Questa politica richiese cospicue risorse economiche: il piano quinquennale stanziò in totale circa 28 milioni di sterline per lo sviluppo dell’agricoltura, di cui 19 dovevano essere investiti nelle misure previste dal ‘transformation approach’ (Coulson, 2013: 186). Nel complesso, la strategia dei nuovi insediamenti si rivelò fallimentare e fu abbandonata ufficialmente nel 1966 con perdite superiori a 20 milioni di sterline (ibidem). I terreni messi a disposizione dal governo furono raramente portati a produzione da quanti ricevettero nuove case e strumenti agricoli. Inoltre, secondo numerosi studiosi, a beneficiare dei fondi e degli strumenti agricoli finanziati dal governo furono soprattutto le élite locali che avevano connessioni con il partito del TANU o che controllavano le cooperative (Lofche 2014; Coulson 2013; Raikes 1986).

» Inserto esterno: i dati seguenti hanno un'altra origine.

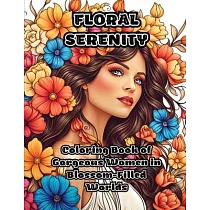 Floral Serenity： Coloring Book of Gorgeous Women in Blossom─Filled Worlds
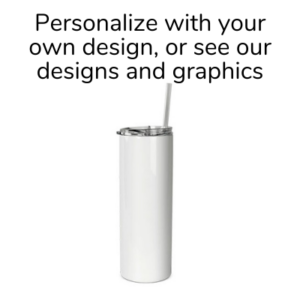 20 oz. Sublimated Skinny Tumbler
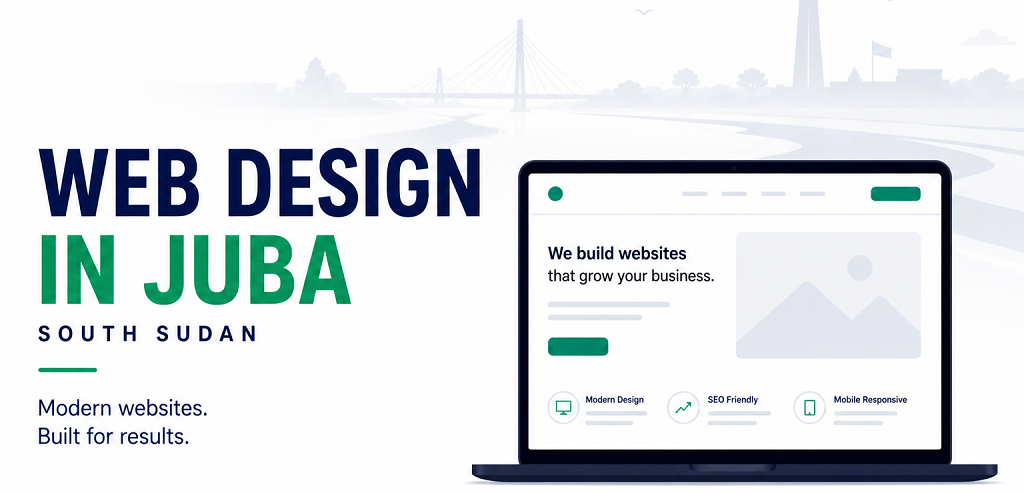 Web Design in Juba, South Sudan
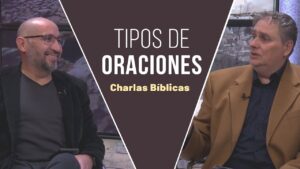 Portada del episodio Tipos de oraciones // Charlas bíblicas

35 Il numero di trattori aumentò da 16.500 a 17.000 tra il 1961 e il 1970

http://data.worldbank.org/indicator/AG.AGR.TRAC.NO?locations=TZ

36 Un altro pilastro della strategia del transformation approach fu la costruzione di sistemi di irrigazioni su vasta scala:

il governo previde di costruire sistemi di irrigazione lungo le valli del Rufiji per oltre 25000 ettari all’anno a partire dal 1970.